## Exercise
Please reproduce the lines of the records below from the one holding "A video tutorial" through the one holding "Hello everyone and", inclusive, skipping all pictures.

##### Stored data #####

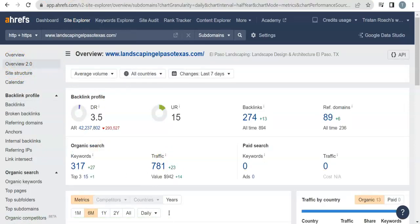Real quick, just to go over what we've said—if this is something you're interested in, you need to build yourself a website, fill it with high-quality relevant content. You can't just have random paragraphs in there about random things that don't apply and then try and stick landscape and El Paso in there.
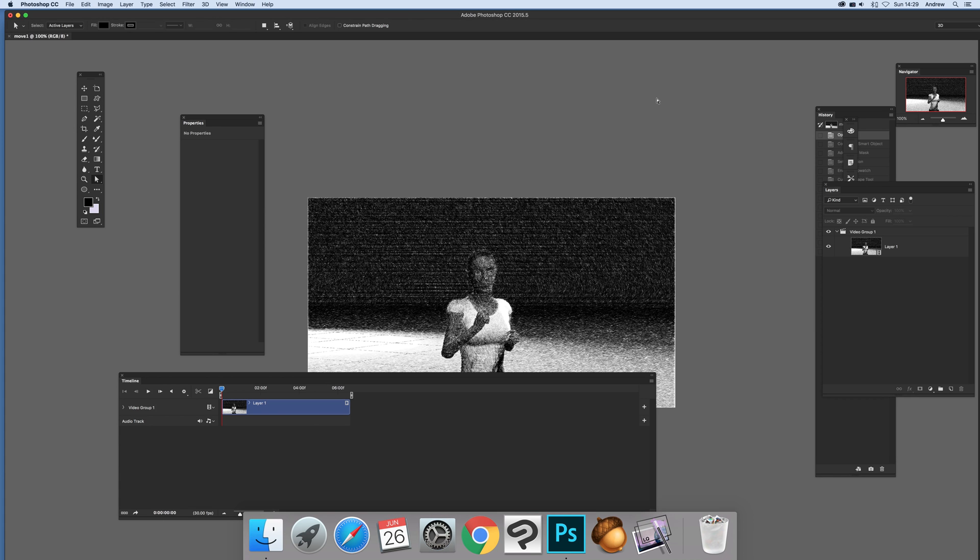A video tutorial by Andrew Buckle. In this tutorial I'm going to show you how you can add a vector mask to a video.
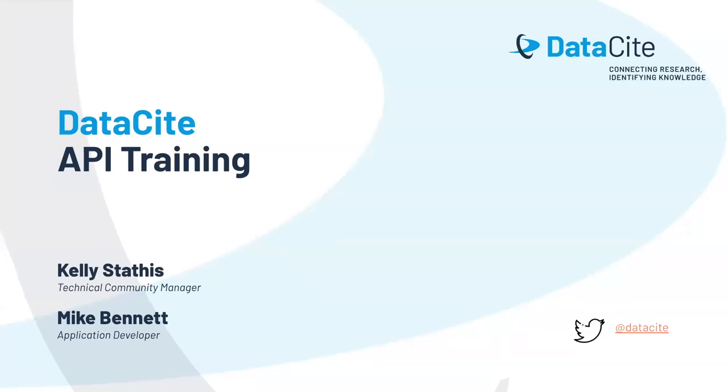Welcome to this video, which provides an introduction to DataSite's APIs and the metadata formats used to create and update DOIs. I'm Kelly Stathis, DataSite's Technical Community Manager. And I'm Mike Bennett. I'm an application developer at DataSite.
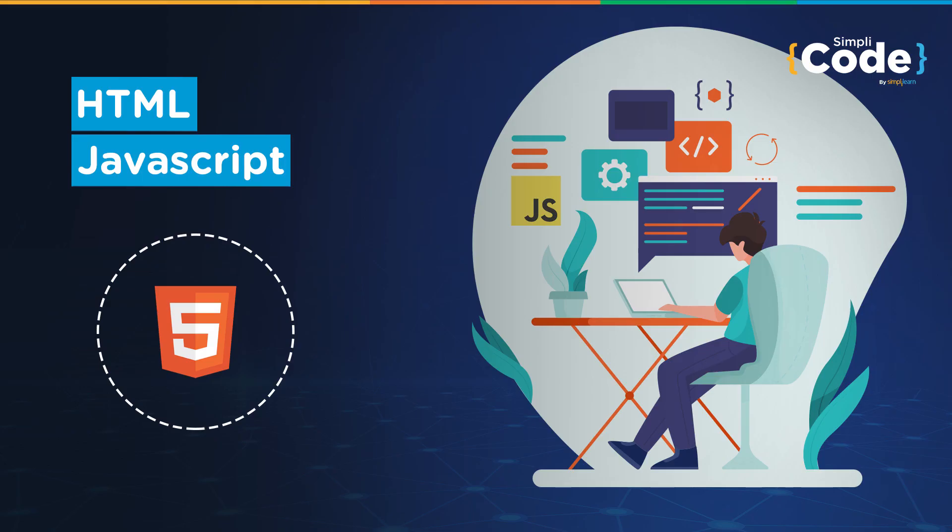Hello everyone and welcome to Simply Code's YouTube channel. Kaushil this side and I hope you guys are doing well. Today we'll be taking you through HTML and JavaScript.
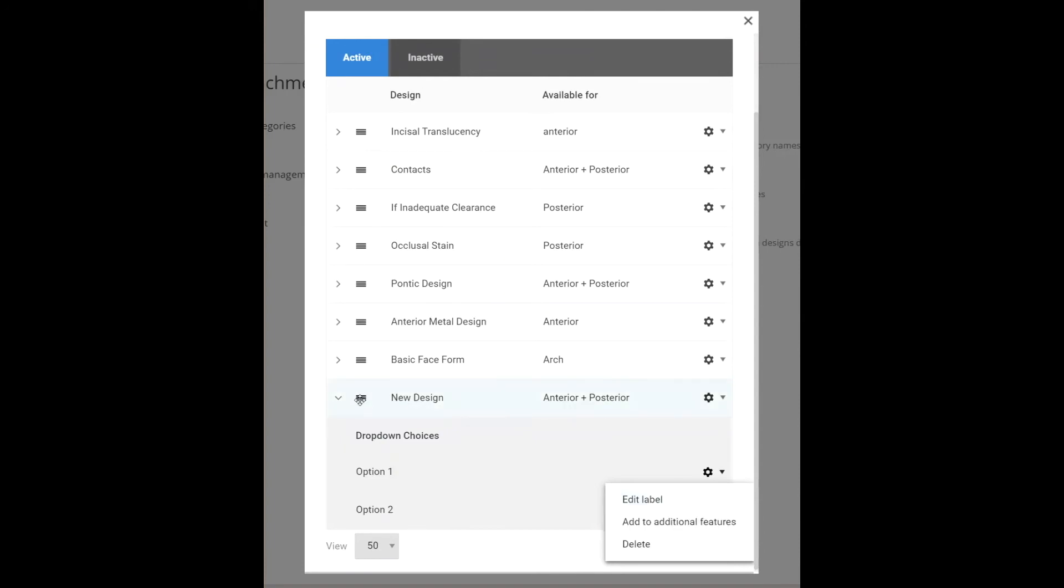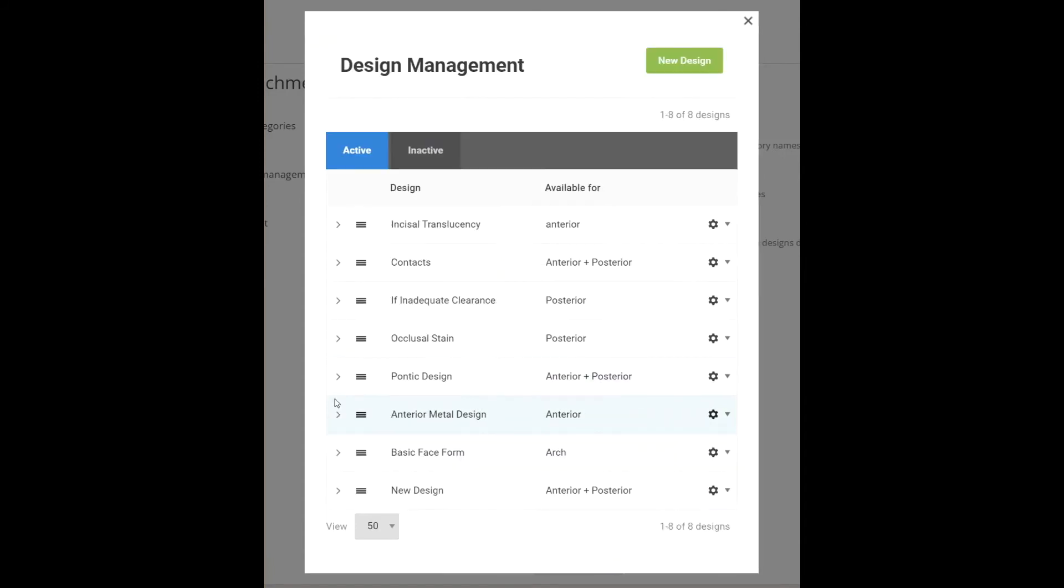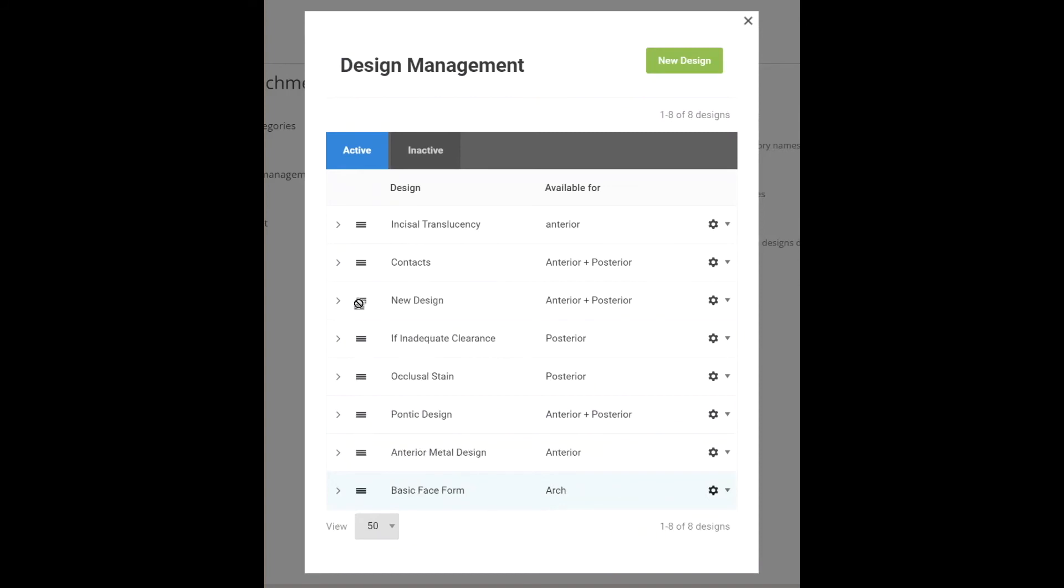You can also customize the display order so that the more commonly used designs show first and are easier to enter. For example, let's put our design at the top.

#####

## Answer box
A video tutorial by Andrew Buckle. In this tutorial I'm going to show you how you can add a vector mask to a video.
Welcome to this video, which provides an introduction to DataSite's APIs and the metadata formats used to create and update DOIs. I'm Kelly Stathis, DataSite's Technical Community Manager. And I'm Mike Bennett. I'm an application developer at DataSite.
Hello everyone and welcome to Simply Code's YouTube channel. Kaushil this side and I hope you guys are doing well. Today we'll be taking you through HTML and JavaScript.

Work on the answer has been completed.